Hela la sangre la forma tan desalmada e indignante de confesar públicamente con pelos y señales el vil asesinato cometido contra dos menores de edad, el 12 de febrero de este año, en el kilómetro 33, ruta de San Juan Sacatepéquez, al municipio de San Raymundo, departamento de Guatemala. Como si necesitáramos más actos de violencia y bestialidad que demuestren la descomposición social que vivimos en el país. Ello, como parte de una fraguada e inexplicable venganza entre familias, por la disputa de un terreno.
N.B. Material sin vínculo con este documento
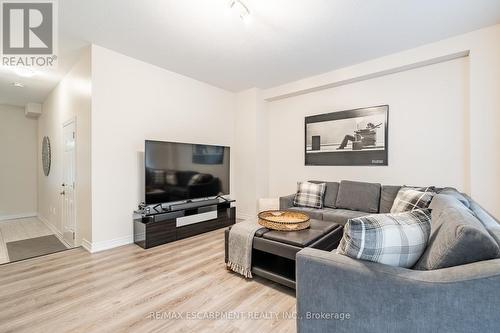 149 - 1890 Rymal Road E, Hamilton, ON - Indoor Photo Showing Living Room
Así de trastornada está nuestra sociedad, que lo que menos le importa y valora es el derecho a la vida.
Imagínese estimado lector ¿hasta dónde hemos llegado para solucionar las discrepancias de cualquier índole, dándole muerte sin misericordia a personas inocentes? Acuchillándolos para luego meter los cadáveres en costales y arrojarlos a la orilla de la carretera, como si se tratara de bolsas de basura, con la intención de enviar un mensaje a quienes los hoy aludidos culpan de haberlos despojado de una propiedad. Desgraciadamente, eso refleja, la ausencia de valores en todos los ámbitos de la vida diaria, sumado a la intolerancia e insensibilidad humana que redunda en el desprecio por la existencia.
Conductas inaceptables llenas de resentimiento e indiferencia hacia el prójimo, como la descrita anteriormente, no pueden seguir dándose y mucho menos permitiéndose en el seno de la sociedad, pues lo que genera es más violencia. La mentira, el odio, la corrupción, la impunidad, la injusticia, el robo, la extorsión y la violencia en sus diversas manifestaciones son factores que alientan a la descomposición social. Lo cierto del caso es que el secuestro y, posterior asesinato, de los niños Carlos Daniel Xiquin Top, de 9 años y Oscar Armando Top Cotzajay, de 11, solamente evidencian los altos niveles de deshumanización en los cuales hemos caído.
La desvalorización de los principios éticos y morales que décadas atrás rigieran y orientaran la vida social y personal sigue en marcado aumento, pues el comportamiento salvaje de personas como las implicadas en la muerte de los indefensos niños de San Juan Sacatepéquez, lo ponen de manifiesto. Palabras como las expresadas sin el mínimo pesar por el asesino confeso, Pedro Mejía: “Nosotros no somos asesinos ni secuestradores, somos comerciantes”, y “yo no quise torturar a los niños, no los torturé, les di una muerte rápida” resonarán siempre en los oídos de los familiares de las víctimas. Ahora bien, serán los tribunales de justicia los encargados de imponer severas penas a los responsables de ese hecho sangriento que conmocionó a la sociedad guatemalteca por la frialdad de su ejecución, sin siquiera inmutarse. No permitamos que los valores que han sostenido a generaciones pasadas se pierdan en la lontananza. Nuestra nación necesita edificar un futuro sin violencia para nuestra niñez y juventud sobre una base sólida de principios éticos y morales. Será responsabilidad nuestra continuar o no deshumanizándonos.